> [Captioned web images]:
==================================================
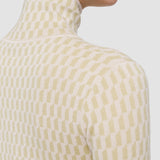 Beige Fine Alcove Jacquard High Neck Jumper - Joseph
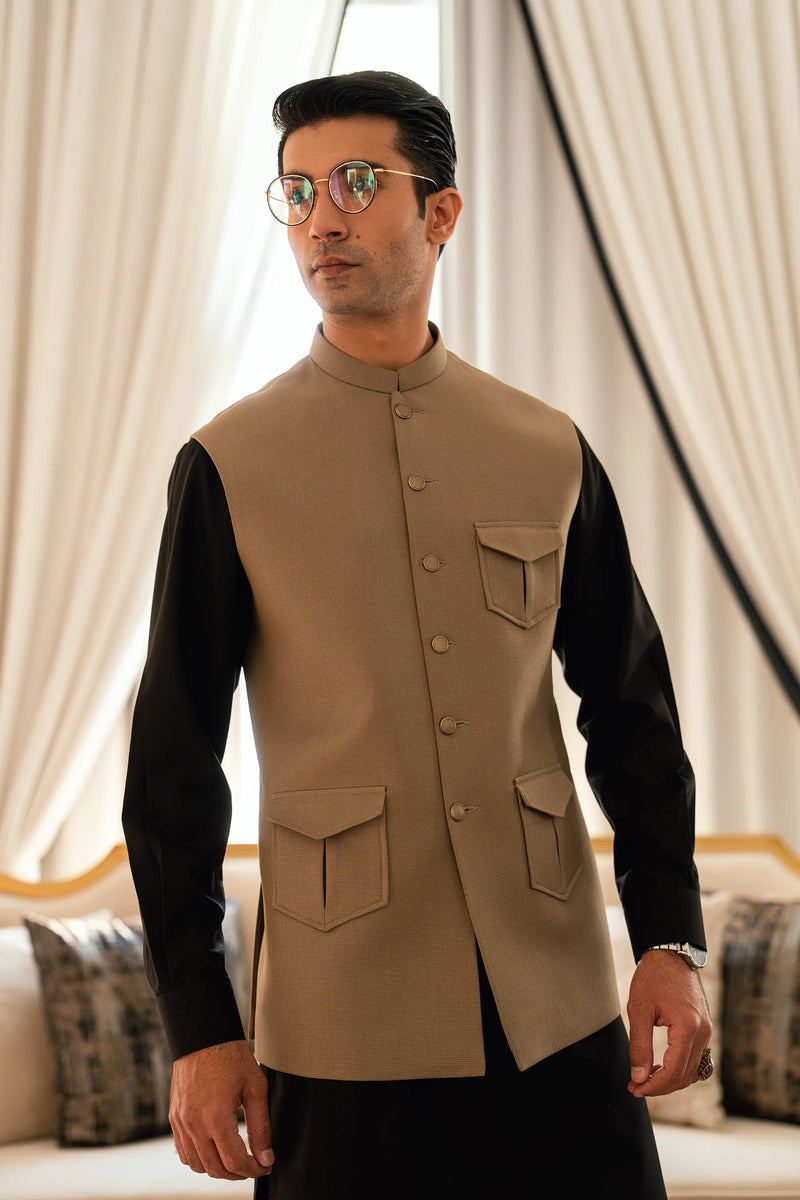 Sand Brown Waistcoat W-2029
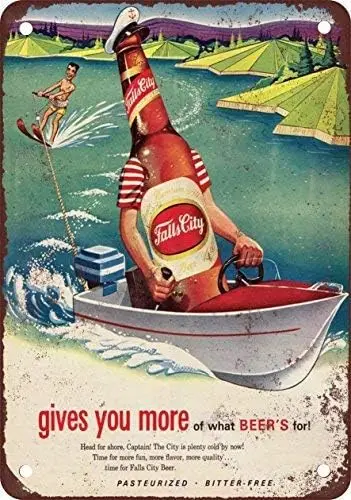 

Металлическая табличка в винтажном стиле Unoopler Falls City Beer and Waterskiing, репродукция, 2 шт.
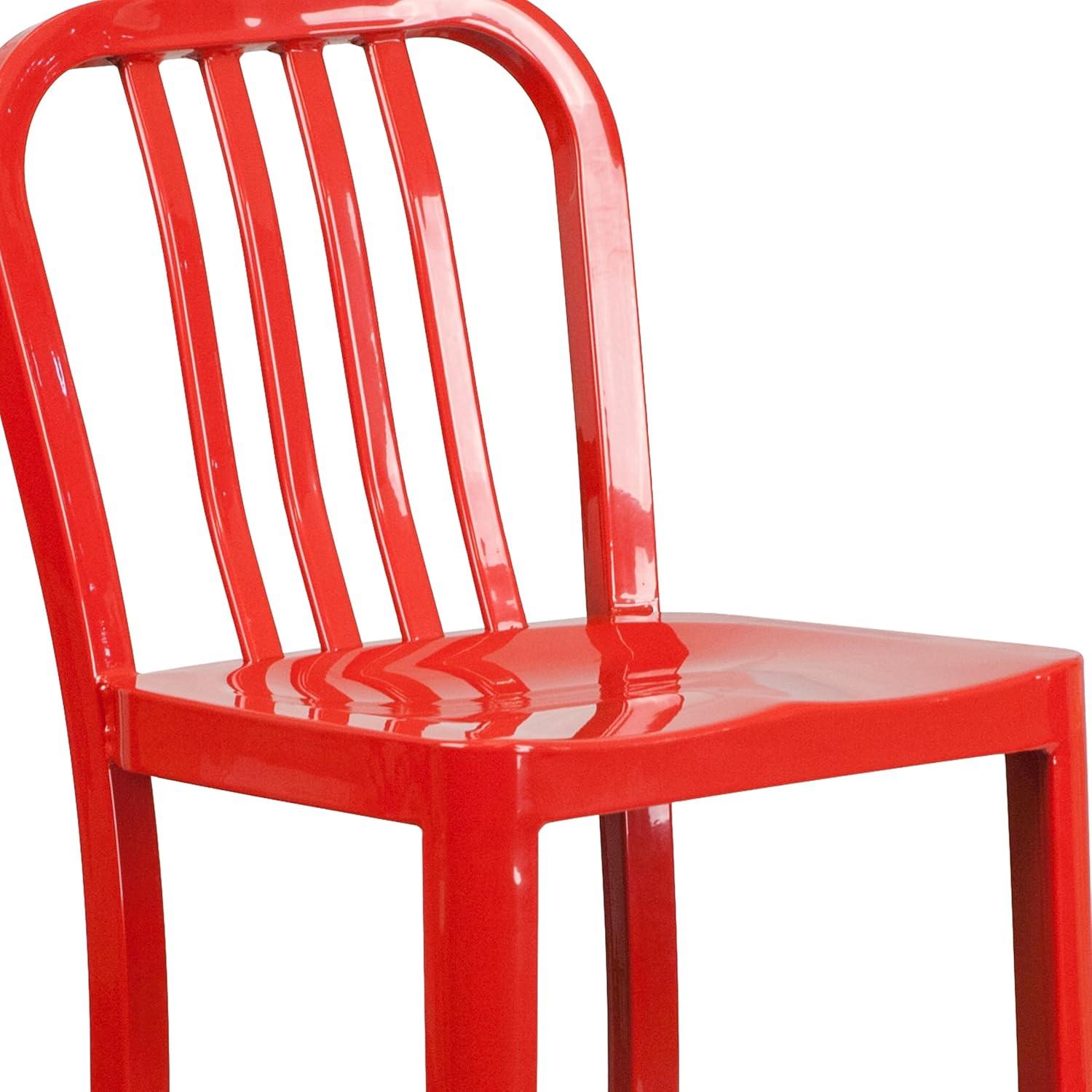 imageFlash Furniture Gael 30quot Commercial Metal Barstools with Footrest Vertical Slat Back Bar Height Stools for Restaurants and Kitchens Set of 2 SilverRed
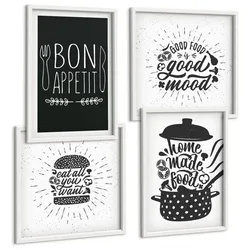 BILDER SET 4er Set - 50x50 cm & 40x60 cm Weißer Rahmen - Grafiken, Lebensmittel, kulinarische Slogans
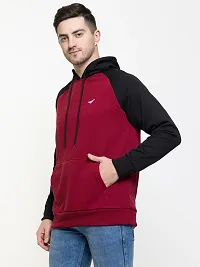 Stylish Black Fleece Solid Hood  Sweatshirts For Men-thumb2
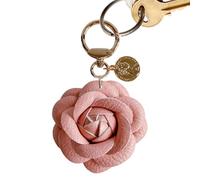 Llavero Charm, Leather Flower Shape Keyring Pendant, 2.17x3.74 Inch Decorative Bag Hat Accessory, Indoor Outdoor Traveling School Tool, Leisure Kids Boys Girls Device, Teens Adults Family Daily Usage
==================================================
> [What you should do]: Every line from the one that contains "imageFlash Furniture Gael" through the end of the records above is to be reproduced exactly; no picture goes in the copy.

> [Result of this exercise]:
 imageFlash Furniture Gael 30quot Commercial Metal Barstools with Footrest Vertical Slat Back Bar Height Stools for Restaurants and Kitchens Set of 2 SilverRed
 BILDER SET 4er Set - 50x50 cm & 40x60 cm Weißer Rahmen - Grafiken, Lebensmittel, kulinarische Slogans
 Stylish Black Fleece Solid Hood  Sweatshirts For Men-thumb2
 Llavero Charm, Leather Flower Shape Keyring Pendant, 2.17x3.74 Inch Decorative Bag Hat Accessory, Indoor Outdoor Traveling School Tool, Leisure Kids Boys Girls Device, Teens Adults Family Daily Usage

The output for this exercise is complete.